Inspired by a horrible Jenkins CI workflow I thought about a GUI app that could help compose and request/monitor CI jobs. Node based GUI seemed like an interesting option for that. I've tested several technological stack to develop something like that and here are my observations.

Nodes in Haxe/Heaps

I've started with testing Haxe + Heaps. I like the flexibility Haxe gives. Outputting a web app based on JavaScript is pretty easy. Unfortunately Heaps engine can't be easily outputted as a C++ target.

My main takes for Haxe are:

  • workflow - setting up a project is super easy and quick. Compiling with .hxml meta files is cool. Compiling to JavaScript is pretty quick but debugging using web browser is less than perfect.
  • language - Haxe itself is a pretty elegant language. I didn't use a lot of the advance features. What bothers me the most is the hard object oriented design for both Haxe and Heaps. I find it to be very constraining and not fitting an app like this.

Nodes in Godot

This version didn't get far. I've created a node object and added dragging functionallity. Moving mouse quickly made Godot loose the node from under the cursor.

Godot approach:

  • workflow - Godot is pretty well designed. I thought I'll have to build a node using the graphical editor but the scripting API allows you to override the draw function for an object. That means you can compose a node in the code and draw it in one go.
  • language - Godot's scripting language is similiar to Python. It's very quick to develop in.

I honestly like working with Godot. What I don't like about it is that I confined to an engine. There is not much flexibility. I was also worried that loosing the node from under the cursor point to redrawing not being fast enough.

Nodes in SDL2/OpenGL/Nuklear

I do like low level programming. Nuklear, header inly GUI library is awesome for a low level project which uses OpenGL directly.

I already had a skeleton for an app using SDL2, OpenGL and Nuklear. I've plugged the node-based GUI example from the Nuklear repository and started modifying it.

Takes for this one:

  • workflow - I'm used to working with C and setting up a project was pretty quick. It compiles quickly and makes it pretty easy for me to compile the code on Windows and on Linux. Debugging is pretty easy with either Visual Studio or GDB.
  • language - it's C… It's great, dangerous, flexible, exhausting, performant, enjoyable but slow to develop in. Using Nuklear library is a bit constraining but it's pretty easy to render whatever you want by using OpenGL directly.

Nodes in Raylib

The last experiment I've done was using Raylib. I find this game development framework very interesting. It gives you all the foundations and still allows you to code in C. That means you can pretty quickly modify even the OpenGL calls.

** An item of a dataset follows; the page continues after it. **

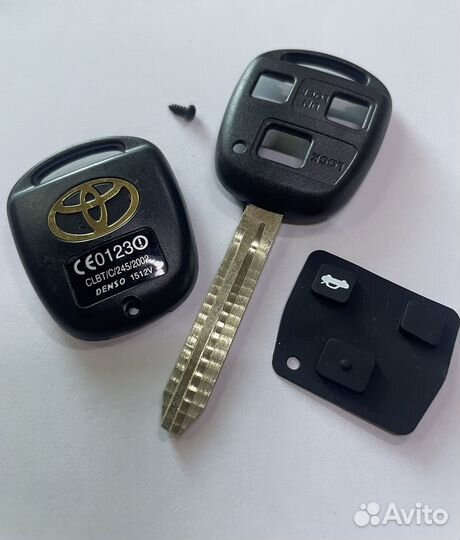 Ключ зажигания Toyota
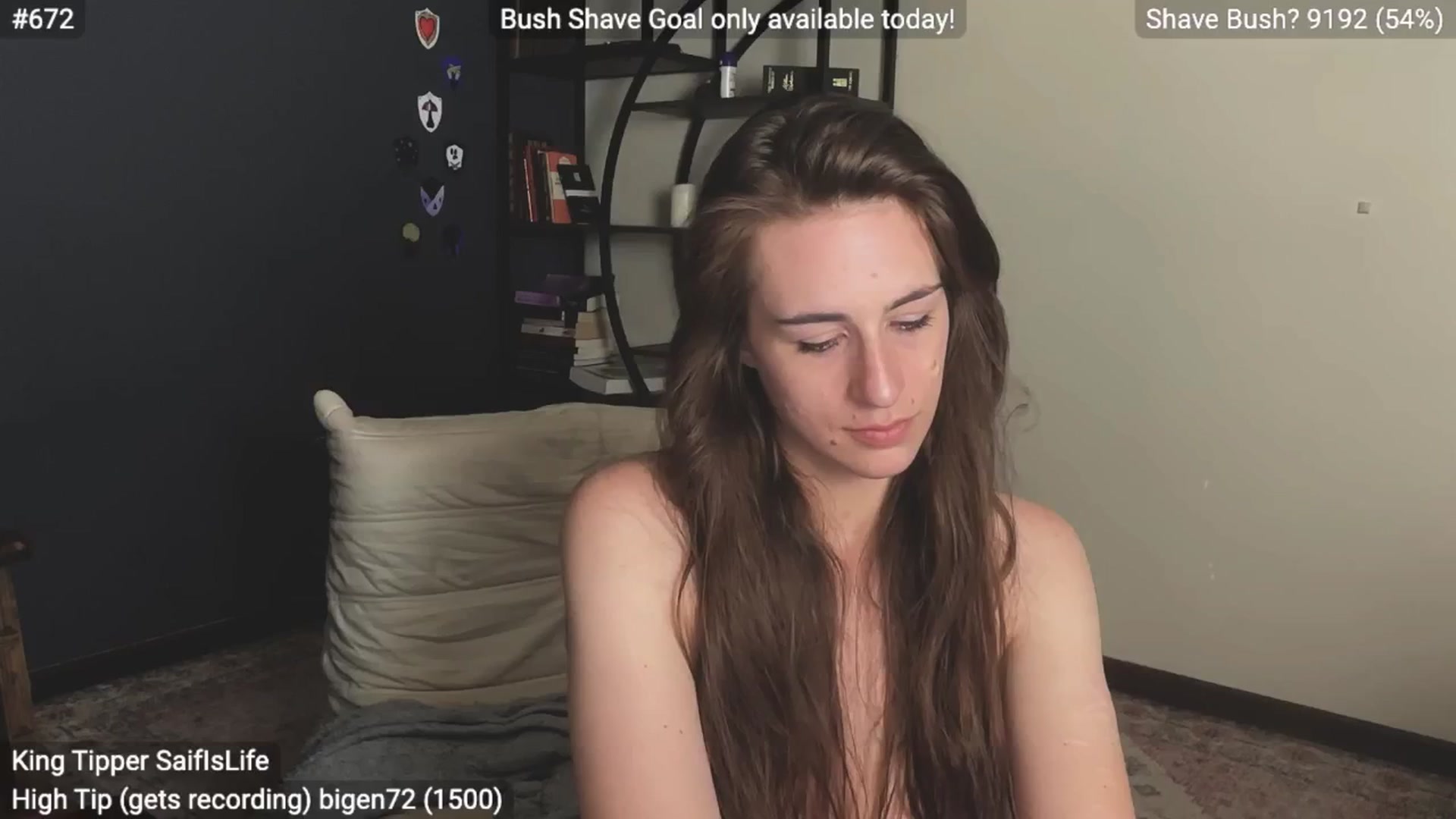 Gallery image thumbnail from EffyTudor's myfreecams stream on, 10/15/2024, 06:31 image 6 of 20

Unfortunately the workflow, using Notepad++ and a MinGW/TinyC Compiler means you have to use GDB on Windows. At this point the code is crashing and I didn't feel like going through the hassle of debugging through GDB.


It was very interesting to drag this idea through a different workflows. It was a very quick experiment which means that nothing actually got a fair shake…

I might update this post. I find the idea very interesting. Writing an app like this takes a lot of time and effort so results won't come any time soon.